Bewonderenswaardig hoe Mira Feticu met de hedendaagse pijnpunten omgaat in 'Gewone Hollandse jongens'
In dit artikel:
De novelle Gewone Hollandse jongens van Mira Feticu volgt de verstrooide, hartstochtelijke monoloog van een Oost-Europese weduwe die in Nederland is gebleven uit liefde. Ze is te oud voor kinderen maar te jong om weduwe te zijn; haar rouw verandert in een obsessieve begeerte voor Benjamin, het veel jongere, onderkoelde broertje van haar overleden man. Benjamin is een puppyachtige twintiger met kleine gewoonten — chips eten, verlangen naar een extra plakje Viennetta — die de verteller erotiseert juist omdat ze zo alledaags en “Hollands” zijn.
Feticu laat zien hoe gewone, burgerlijke details (tandenpoetsen, stofzuigen, een blauwe Albert Heijn-tas) bij haar protagonist lust en ontroering oproepen. De verteller fantaseert al over Benjamin sinds hij vijftien was; haar scènes variëren van koortsige verleiding tot overdreven, soms dwangmatige handelingen in publiek.
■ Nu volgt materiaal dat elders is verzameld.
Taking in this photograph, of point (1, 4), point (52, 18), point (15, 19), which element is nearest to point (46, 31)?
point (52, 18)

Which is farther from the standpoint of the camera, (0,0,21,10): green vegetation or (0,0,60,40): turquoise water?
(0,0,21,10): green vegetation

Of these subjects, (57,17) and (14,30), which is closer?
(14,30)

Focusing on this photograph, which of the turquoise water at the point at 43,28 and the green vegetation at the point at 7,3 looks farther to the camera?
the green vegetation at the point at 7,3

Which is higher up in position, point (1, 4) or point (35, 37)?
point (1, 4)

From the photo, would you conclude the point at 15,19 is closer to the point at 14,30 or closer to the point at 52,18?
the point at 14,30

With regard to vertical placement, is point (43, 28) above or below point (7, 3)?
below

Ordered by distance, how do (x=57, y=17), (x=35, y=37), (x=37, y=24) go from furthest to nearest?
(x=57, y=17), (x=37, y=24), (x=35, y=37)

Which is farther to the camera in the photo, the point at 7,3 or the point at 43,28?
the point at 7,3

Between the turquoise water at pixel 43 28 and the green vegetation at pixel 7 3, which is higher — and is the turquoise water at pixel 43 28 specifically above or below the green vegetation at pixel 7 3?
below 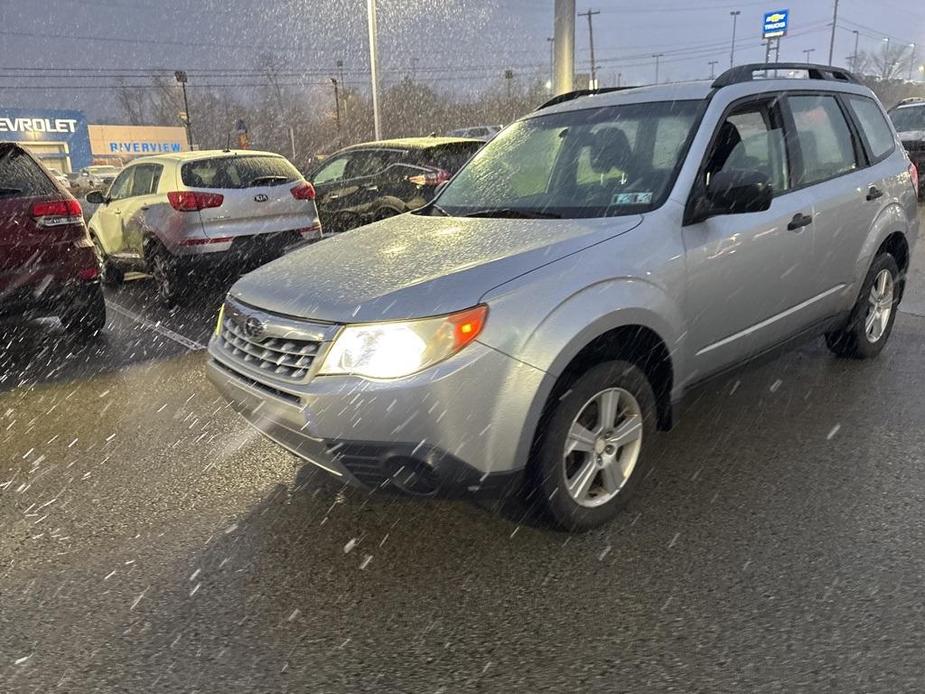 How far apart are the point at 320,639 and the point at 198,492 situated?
134 cm

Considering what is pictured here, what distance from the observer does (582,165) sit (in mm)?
3770

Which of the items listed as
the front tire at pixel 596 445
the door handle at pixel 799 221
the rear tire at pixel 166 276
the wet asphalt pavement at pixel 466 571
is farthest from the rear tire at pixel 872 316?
the rear tire at pixel 166 276

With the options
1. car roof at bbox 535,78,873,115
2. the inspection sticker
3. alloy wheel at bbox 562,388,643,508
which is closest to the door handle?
car roof at bbox 535,78,873,115

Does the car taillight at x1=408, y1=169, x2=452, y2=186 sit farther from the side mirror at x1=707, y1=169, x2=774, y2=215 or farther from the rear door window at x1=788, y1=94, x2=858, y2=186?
the side mirror at x1=707, y1=169, x2=774, y2=215

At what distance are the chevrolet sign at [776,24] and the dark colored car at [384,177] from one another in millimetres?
30110

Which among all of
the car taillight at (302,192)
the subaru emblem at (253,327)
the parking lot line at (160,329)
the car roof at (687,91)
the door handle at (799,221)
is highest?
the car roof at (687,91)

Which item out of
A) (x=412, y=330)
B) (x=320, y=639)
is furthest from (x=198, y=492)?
(x=412, y=330)

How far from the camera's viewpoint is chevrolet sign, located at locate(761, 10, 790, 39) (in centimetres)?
3516

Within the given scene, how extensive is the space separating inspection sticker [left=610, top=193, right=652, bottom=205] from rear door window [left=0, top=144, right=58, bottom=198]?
448cm

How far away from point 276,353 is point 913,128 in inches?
598

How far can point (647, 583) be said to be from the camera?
2.64 meters

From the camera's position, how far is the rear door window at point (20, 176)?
5.47m

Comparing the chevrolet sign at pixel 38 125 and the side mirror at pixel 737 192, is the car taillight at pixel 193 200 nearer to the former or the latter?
the side mirror at pixel 737 192

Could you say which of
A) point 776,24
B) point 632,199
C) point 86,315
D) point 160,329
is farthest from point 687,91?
point 776,24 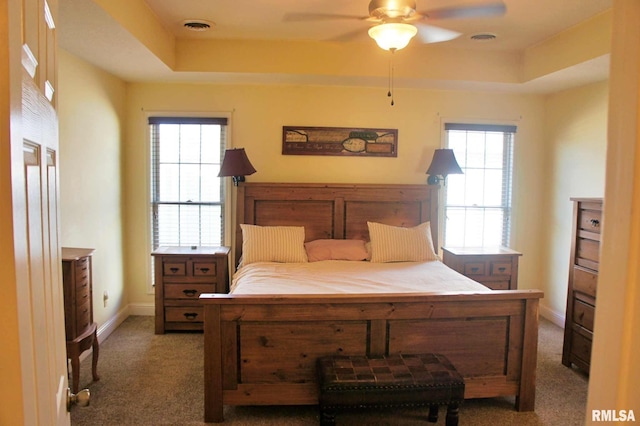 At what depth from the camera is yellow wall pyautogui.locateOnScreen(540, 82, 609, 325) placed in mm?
3730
Die handelingen schuren tegen taboes aan — incestfantasieën, grensoverschrijdend gedrag — maar de roman nodigt toch uit tot mededogen: de pijn van rouw en het feit dat het een vrouw is, verzachten de veroordeling van haar daden.
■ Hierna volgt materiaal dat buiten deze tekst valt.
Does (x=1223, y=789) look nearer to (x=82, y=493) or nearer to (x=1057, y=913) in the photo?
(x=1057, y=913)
Thematisch speelt Feticu met macht, identiteit en exotisering: de blik van de weduwe op Nederlandse lichamen kantelt bekende machtsverhoudingen en wordt in de tekst zelfs gespiegeld aan ideeën over Orientalistische fetisjering. Ook de sociaal-culturele positie van de weduwe wordt scherp belicht; haar schoonfamilie weigert met haar te rouwen en ziet haar als een buitenstaander.
Stijlistisch is het een heetbloedig, soms flamboyant en slordig geschreven boekje — poëtisch op sommige momenten, ruw op anderen — dat rouw niet als kalme afwezigheid neerzet maar als een levendige, bijna nieuwgeboren, explosieve energie. Het is daarmee een ongebruikelijk en provocerend rouwboek dat bestaande gevoeligheden en dogma’s uitdraagt en bevraagt.